14 February - 7 May 2018

Dulwich Picture Gallery presents a major exhibition of one of Canada’s greatest modern painters, David Milne (1882-1953). For the first time in the UK, it showcases a wide selection of his oil paintings alongside watercolours, drawings and photographs, to reveal an artist of true originality and vision. Through periods of intense experimentation, often working in solitude in the wild, Milne tdeveloped an extraordinary body of landscapes, fusing influences from Monet, Matisse and Cezanne into a bold modernist language of his own.

David Milne: Modern Painting follows Dulwich’s revelatory ‘Painting Canada’ show of 2011, which introduced work by Milne’s contemporaries Tom Thomson and the Group of Seven, and ‘From the Forest to the Sea: Emily Carr in British Columbia’ in 2014.

Arranged chronologically, the exhibition follows Milne’s artistic development as he moves from the bustling sidewalks of New York to the war-torn landscapes of northern France and Belgium and back again to the woods, fields and skies of the northeastern US and Canada. Focus will be given to Milne’s experimentation with colour, line and negative space and his mastery of painting the visual effects of light and reflection.

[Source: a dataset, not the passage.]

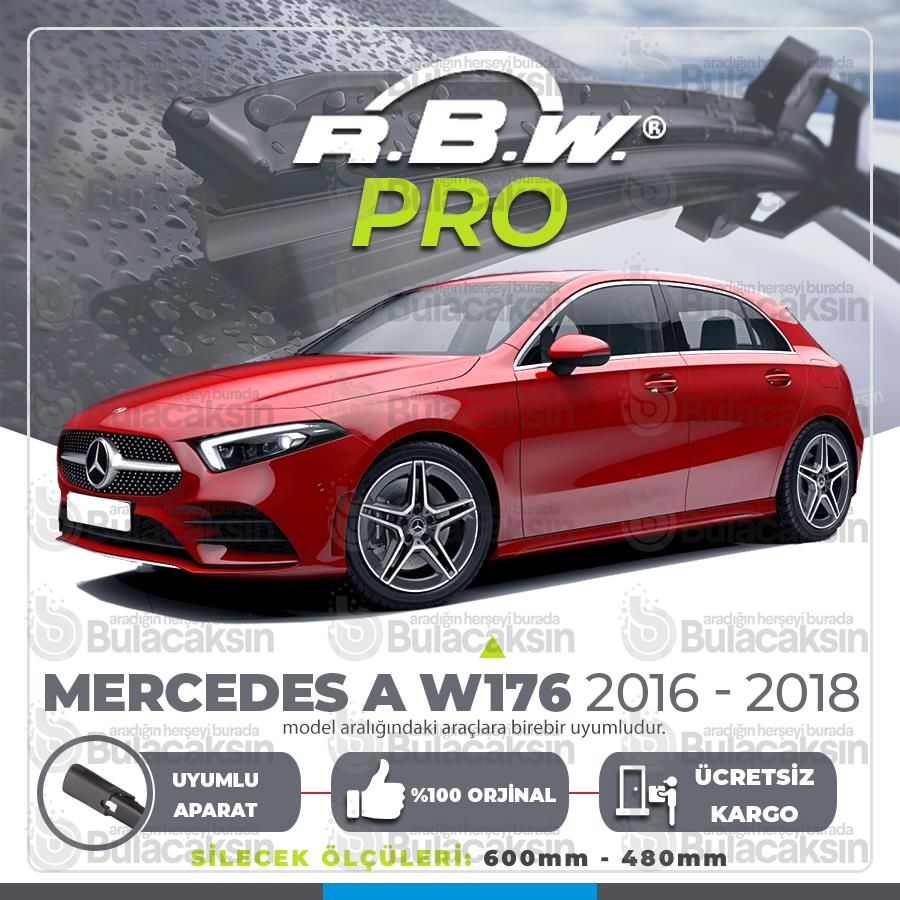 Mercedes A Serisi W176 Muz Silecek Takımı (2016-2018) Rbw Pro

Born in a small Ontario farming community, Milne was in many ways an artist beyond nationality and visitors will first encounter him in his formative years in New York. He arrived in the city in 1903 to seek commercial work, but the thriving vitality of the city with its many museums and galleries quickly turned his ambitions to fine art. The busy sidewalks and advertising hoardings provided the subject matter through which he could shape influences from Monet and Matisse, balancing representation and abstraction and reducing his subjects to their essentials. Highlights include Fifth Avenue, Easter Sunday(1912) which was included in the landmark Armory show of 1913, where Milne’s paintings were exhibited alongside works by Matisse, Braque, Monet and Van Gogh as well as Billboards(1912) and Columbus Monument(1912), which offer a visual record of the early history of commercial outdoor advertising.

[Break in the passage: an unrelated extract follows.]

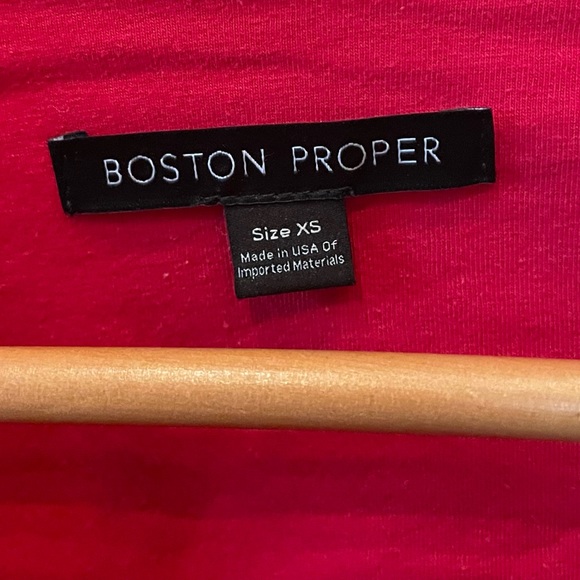 NWT Boston Proper Top Sweetheart Neck - Picture 3 of 6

The show follows Milne to Boston Corners, a village in New York State, where, in 1916, he and his wife, Patsy Hegarty, set up an austere life with Milne’s time devoted to his painting. This room showcases a period of major advancement, as we see Milne experimenting with conjuring light reflections in watercolours such as Bishop’s Pond, 1916. This room also includes a series of experimental paintings of Patsy seated in the landscape, where Milne explores the phenomenon of camouflage through patterned composition. The central rooms in the exhibition showcase some of the most formally daring works of Milne’s career, revealing a shift in his style as he sought to record military training camps in the UK and later, the recently emptied, war-ravaged landscapes and villages in France and Belgium for the Canadian War Records. The harrowing scenes he encountered during his months as an official war artist prompted a new painting style of sparer means with subjects splintered into shattered brushstrokes and areas of startling blankness used to dramatic effect as in Montreal Crater, Vimy Ridge(1919), one of Milne’s most famous war paintings.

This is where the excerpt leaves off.